• [DATA EXTRACTS]:
_ _ _ _ _
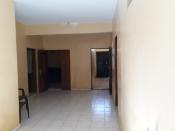 Villa f3 de 150m2 a Zac mbao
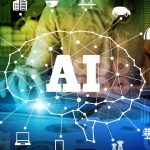 How AI Is Making WordPress Site Building Faster and Smarter?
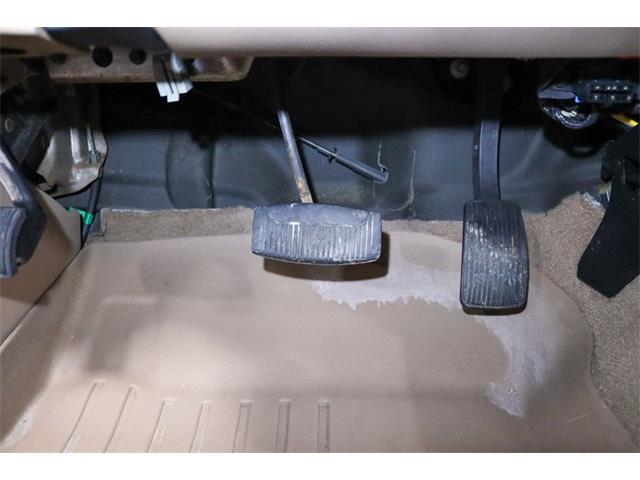 1999 Ford F150 (CC-1573763) for sale in Kentwood, Michigan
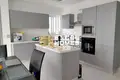 Penthouse 3 bedrooms  Xewkija, Malta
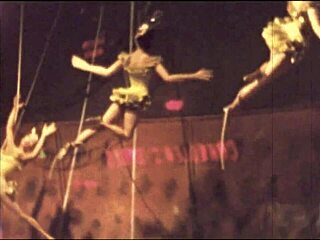 Vintage Antique Erotic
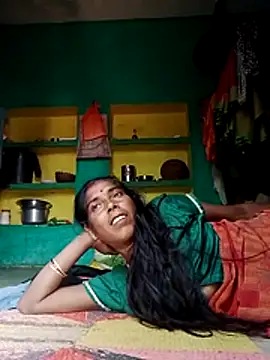 Snapshot of Xx_savita chatting on 8, 7, 2026 Xx savita online show from 8, 7, 2026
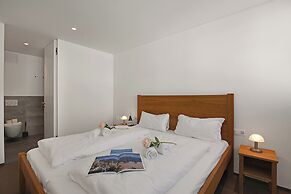 Appartamento Lago e Monti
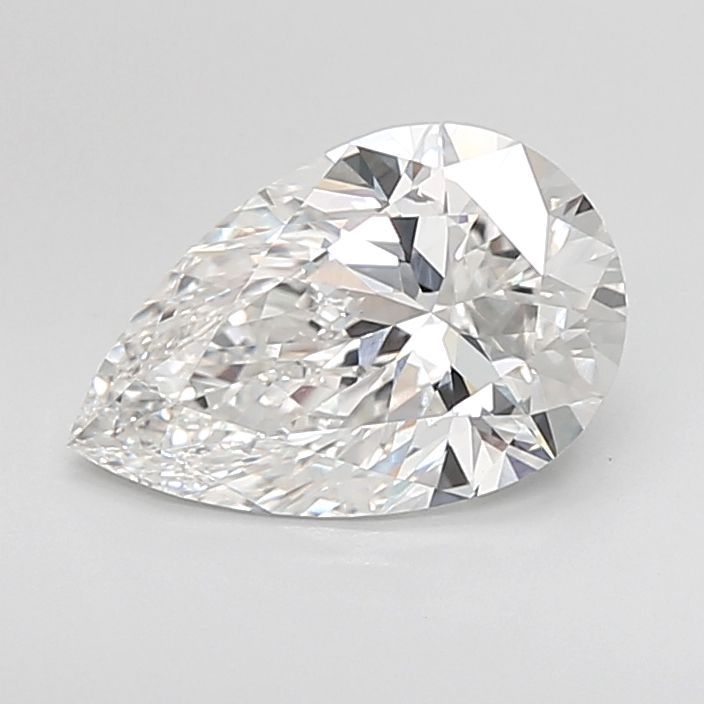 3.04 Carat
_ _ _ _ _
• [INSTRUCTIONS TO FOLLOW]:
Nothing but the lines from the one containing "Penthouse 3 bedrooms" through the end of the entries is to be retyped, exactly as written and without pictures.

• [RESPONSE AREA]:
 Penthouse 3 bedrooms  Xewkija, Malta
 Vintage Antique Erotic
 Snapshot of Xx_savita chatting on 8, 7, 2026 Xx savita online show from 8, 7, 2026
 Appartamento Lago e Monti
 3.04 Carat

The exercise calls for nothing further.